Report Error Suppose $P(x)$ is a polynomial of smallest possible degree such that: $\bullet$ $P(x)$ has rational coefficients $\bullet$ $P(-3) = P(\sqrt 7) = P(1-\sqrt 6) = 0$ $\bullet$ $P(-1) = 8$ Determine the value of $P(0)$.

Answer 1

We want a polynomial of smallest degree with rational coefficients with zeros in
`√(7)`,
`1 - √(6)` and -3. The last root gives us the factor (x+3). Hence, our polynomial is

`P(x) =(x+3)q(x)`

where
`q` is a polynomial with rational coefficients and roots
`√(7)` and
`1 - √(6)`. The root
`√(7)` gives us a factor
`x-√(7)`, but in order to obtain rational coefficients we must consider the factor
`x^2-7`.

An analogue idea works with
`1 - √(6)`. For convenience write
`x - 1 + √(6) = ( x - 1) + √(6)`. This gives the factor
`(x-1)^2-6`. Hence,

`P(x) = (x+3)(x^2-7)((x-1)^2-6)=x^5+x^4-18x^3-22x^2+77x+105`

Notice that
`P(-1)=24`. So, in order to satisfy the last condition we divide by 3 the whole polynomial, without altering its roots. Finally, the wanted polynomial is

`P(x) =(1/3)x^5+(1/3)x^4-6x^3-(22/3)x^2+(77/3)x+35`

Explanation:

We must have present that any polynomial it's determined by its roots up to a constant factor.
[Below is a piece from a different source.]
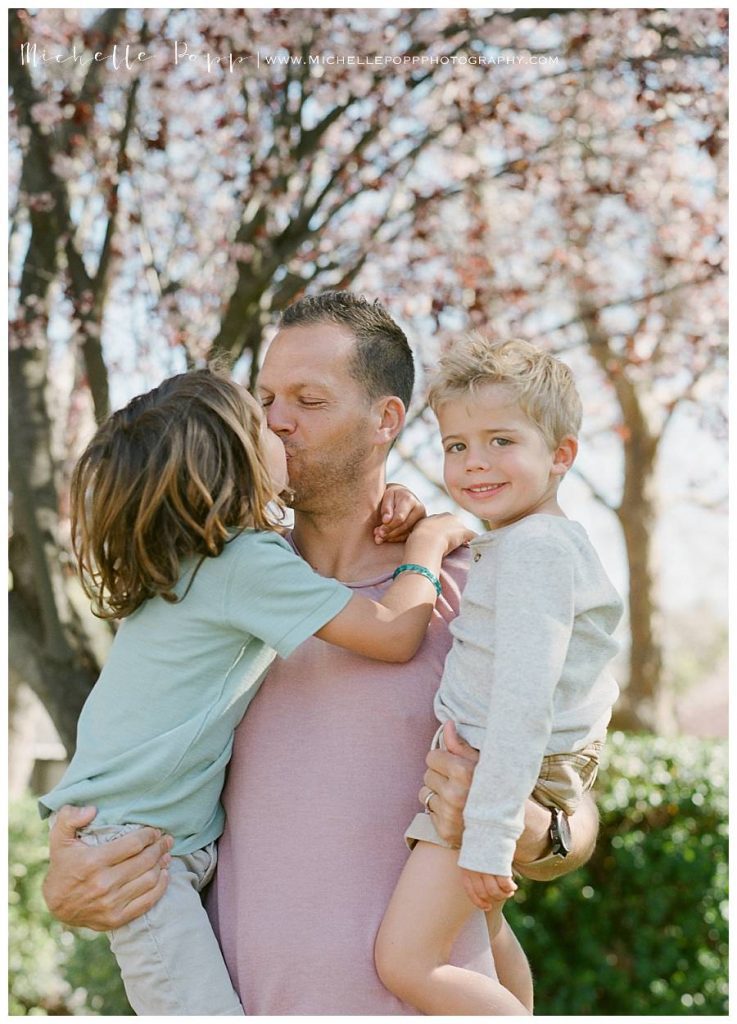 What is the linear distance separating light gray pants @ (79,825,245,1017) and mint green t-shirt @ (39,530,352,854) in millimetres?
90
But here we have irrational ones, in order to eliminate the irrational coefficients that a factor of the type
`x-\sqrt7` will introduce in the expression, we need to multiply by its conjugate
`x+\sqrt7`. Hence, we will obtain
`x^2-7` that have rational coefficients. Finally, the last condition is given with the intention to fix the constant factor. Usually it is enough to evaluate in the point and obtain the necessary factor.